The discrepancy in fixture unit values for 4-inch pipe is problematic and significant. It reflects a difference of 11 toilets between BH13 and the UPC. We do not find this fixture unit value in the 1931 revision of BH13, but we do find it in BMS66 (1940) as well as in the ASA A40 National Plumbing Code (a tentative draft was proposed in the early 1940s by a committee that included three representatives from the Western Plumbing Officials Association). However, the 180 fixture unit value in both BMS66 and ASA A40 is only for a primary branch or building drains and sewers at 1/8-inch per foot slope, which does not correspond with the other fixture unit values that are at ½-inch per foot. This explanation would only deepen the mystery and does not explain why no other fixture unit values from BMS66 or the ASA A40 code were adopted in the UPC if indeed this value was borrowed from either one of them. Unfortunately, we must leave this fixture unit value unresolved and without explanation.

Further modifications in fixture units were made for horizontal drains between 1950 and 1973, when the last modifications were made for horizontal drains. These modifications are presented in Table 8 and displayed in red. It is readily observable that the most significant changes to the UPC horizontal pipe size table were made in 1973.

We have no archived information why the capacity for 3-inch pipe in fixture units was increased to either 27 or 35 fixture units. The UPC continued to limit the number of toilets to two for a 3-inch horizontal drain (until 1970), so the increase was not for a greater allowance of toilets, but only to allow additional fixtures such as sinks, tubs, and showers. How the actual fixture unit values were derived is unknown.

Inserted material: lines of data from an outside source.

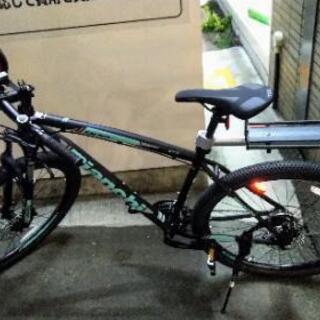 MTB Bianchi Duel 27.0 ｜8/10~8/15は5000円引きします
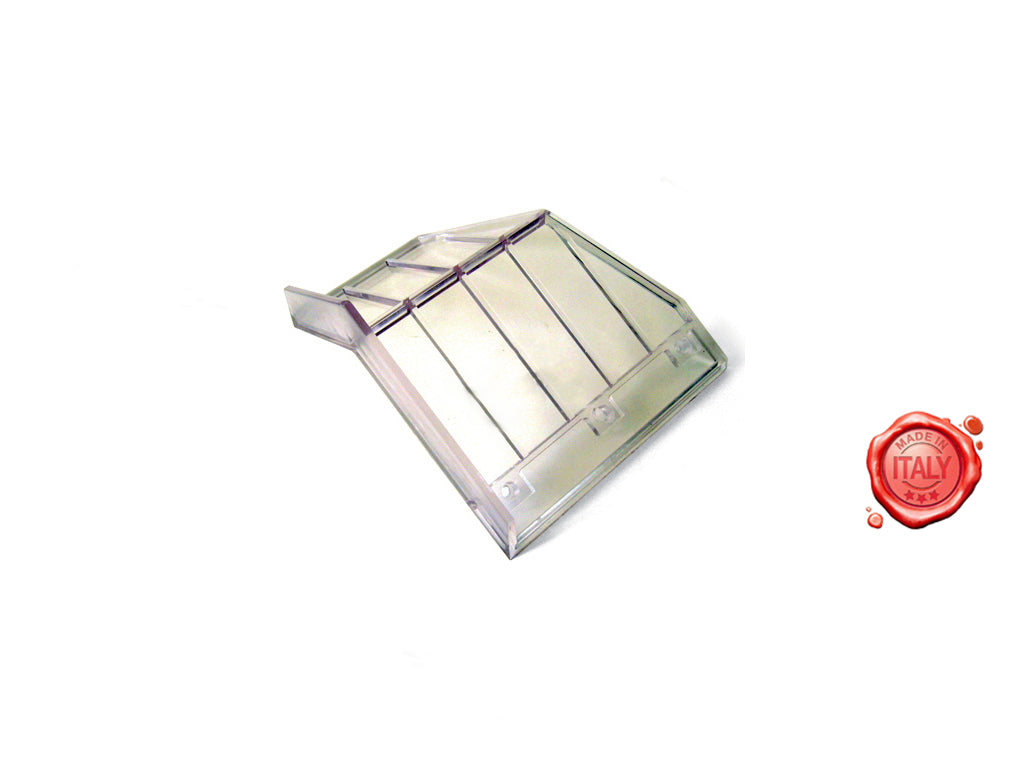 PROTEZIONE MANO PLEXIGLAS CELME MOD.300 CELME MOD. 220 FAP/ 220 - Meat Slicer spare part - 4KitchensParts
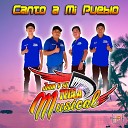 Jhon Y Su Tecla Musical - Canto a Mi Pueblo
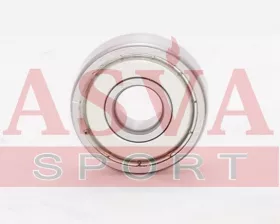 Подшипник универсальный 6301 ASVA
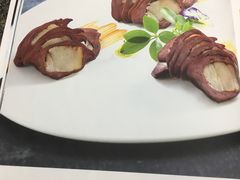 -忆厨禾中餐厅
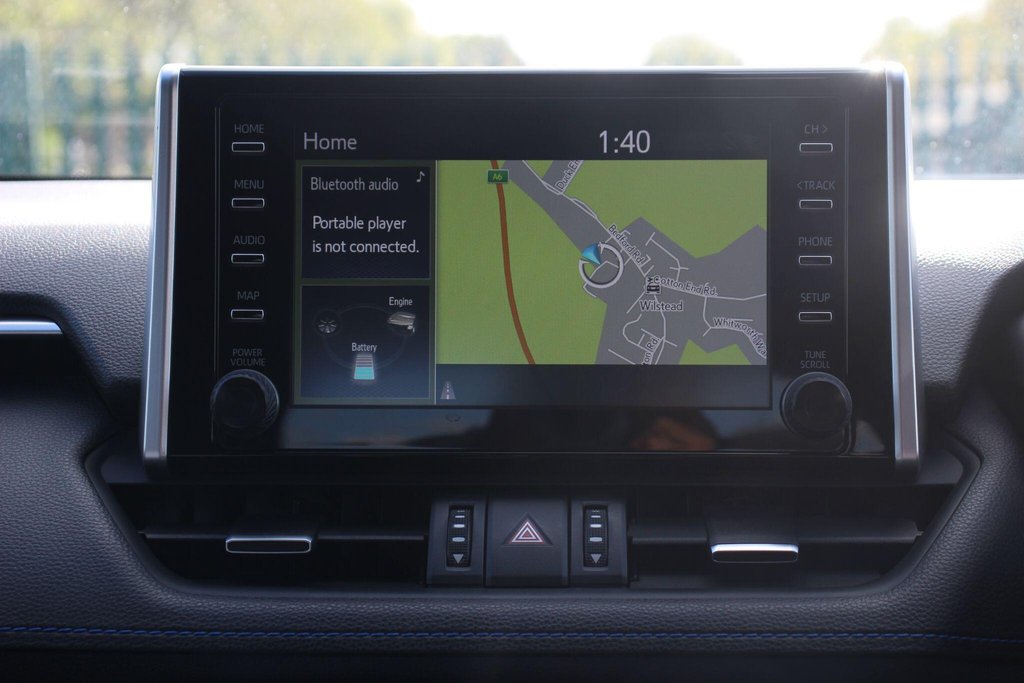 Used Toyota RAV4 2019 for sale - 78161993: Photo 42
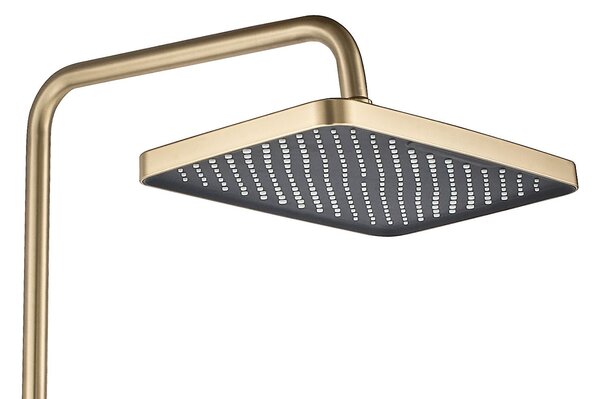 Set dus PREMIUM REA JOE Brush Gold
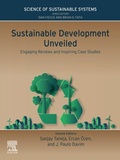 Cover: Sustainable Development Unveiled - Elsevier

In 1961, the clause “Based on ¼ inch per foot Slope” was added to the title of Table 4-3 and remains in the current edition of the UPC as a footnote. The fixture unit values remained the same as those for 1950. This added clause is a significant error, which was exacerbated in 1973 as shall be discussed below. We have already demonstrated that the fixture unit values for horizontal drains were based on ½-inch per foot slope according to BH13. The 1961 mistake surfaced because the UPC has never provided fixture unit values for differing slopes. We can only surmise that the code committee lost awareness of where and how horizontal pipe sizing was derived. How the committee incorrectly decided on the ¼-inch per foot slope is unknown. The fixture unit values do not even remotely compare with sizing tables at ¼-inch per foot slope in other codes.

In 1964 we see the fixture unit value for 5-inch pipe increasing by 100 fixture units. This is a very odd modification unless the hundredth digit is an error and it should have remained 256. However, this modification remained in place up to 1973. No explanation can be discovered for this increase, which also is incomparable with other codes.

We find the most significant modifications to the horizontal pipe sizing in 1973. During the 1973 code cycle, the technical committee agreed that the fixture unit values for pipes sizes 4 inches and greater were not based on ¼-inch per foot slope, but rather 1/8-inch per foot! This added error upon error. The committee removed the ¼-inch per foot reference from the title of the table and moved it to a footnote. The footnote additionally provided a multiplier that purportedly reduced the fixture unit values for 1/8-inch per foot slope.

Wrongfully assuming that the fixture unit values for pipe diameters 4 inches and larger were based on 1/8-inch per foot slope instead of ¼-inch per foot slope (when in fact they were based on ½-inch per foot slope), the fixture unit values were increased by a diversity factor of 1.2. This diversity factor was determined by the ratio in fixture unit values between 1/8-inch per foot slope and ¼-inch per foot slope according to BMS66 (the ratios are the same for the ASA Code as adopted by the two other model codes). Table 9 demonstrates how this diversity factor was derived.

To decrease the fixture unit values from ¼-inch per foot slope to 1/8-inch per foot slope, the diversity factor is 0.833, which is the factor noted in the UPC footnote (rounded to 0.8). Using the diversity factor of 0.833 to modify the fixture unit values in the 1973 table will actually reduce the fixture unit values to ½-inch per foot slope and not 1/8-inch per foot slope. The present fixture unit values in the UPC for pipe sizes 4 inches and larger have been significantly increased based on mistaken assumptions. Furthermore, the constant slope ratios in the Plumbing Manual differ from the slope ratios in BH13 as displayed in Table 5, which are not constant.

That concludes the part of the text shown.